We're making surfaces smarter with printable electronics

Chih-hung Chang’s work is mostly invisible.

Chang, an Oregon State University professor of chemical engineering and materials science, develops thin films and nanomaterials that are, in many cases, only one molecule thick.

Yet these materials have potential applications just about everywhere, from ski slopes to solar farms. Someday, you might even find yourself wearing one of Chang’s creations — on a T-shirt embedded with smart textile technology.

“I love coming up with new ideas,” Chang said. “It’s always exciting to try something different.”

One of Chang’s biggest and most successful ideas to date has been a way to control chemical reactions with microreactors, a process he helped invent in 2002. Today, supported largely by the National Science Foundation, Chang cooks up a wide array of nanomaterials, nanostructures, and thin films in these microreactors. Those materials and films can in turn be used to create devices such as sensors, transistors, and solar cell materials.

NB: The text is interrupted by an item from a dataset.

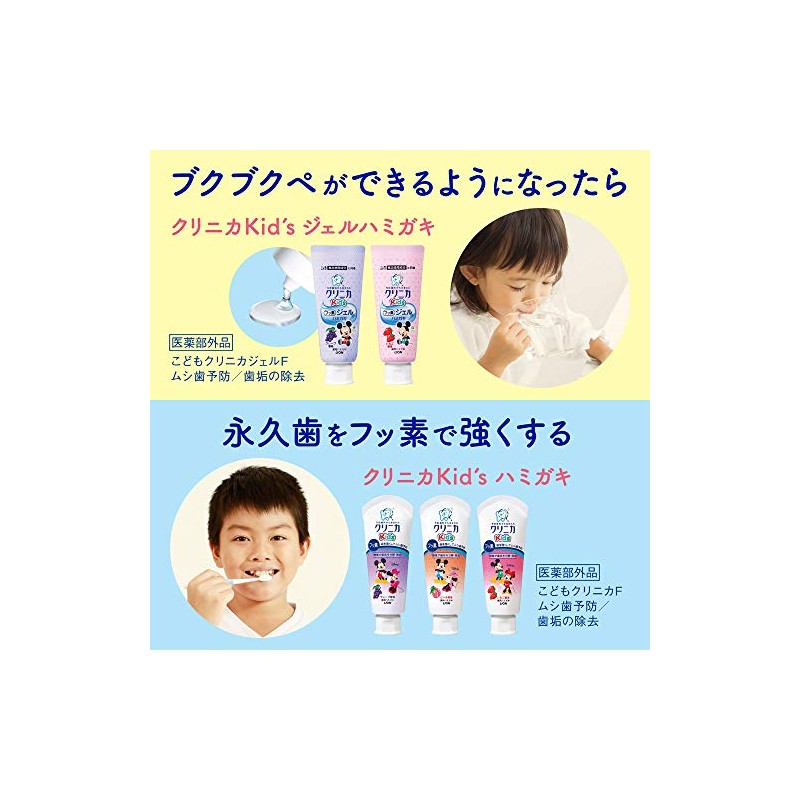 Clinica Kids Whisker, Strawberry, 2.1 oz (60 g)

“The reactor itself does not have to be microscale,” Chang explained. “But it uses microscale features inside to optimize heat and mass transfer. Reactants go into the reactor and form different chemical species. These reaction products change over time. So, with a high level of precision, you can control the output. We use the microreactor to create nano building blocks, which we can then deposit onto a surface to make nanostructured materials and films.”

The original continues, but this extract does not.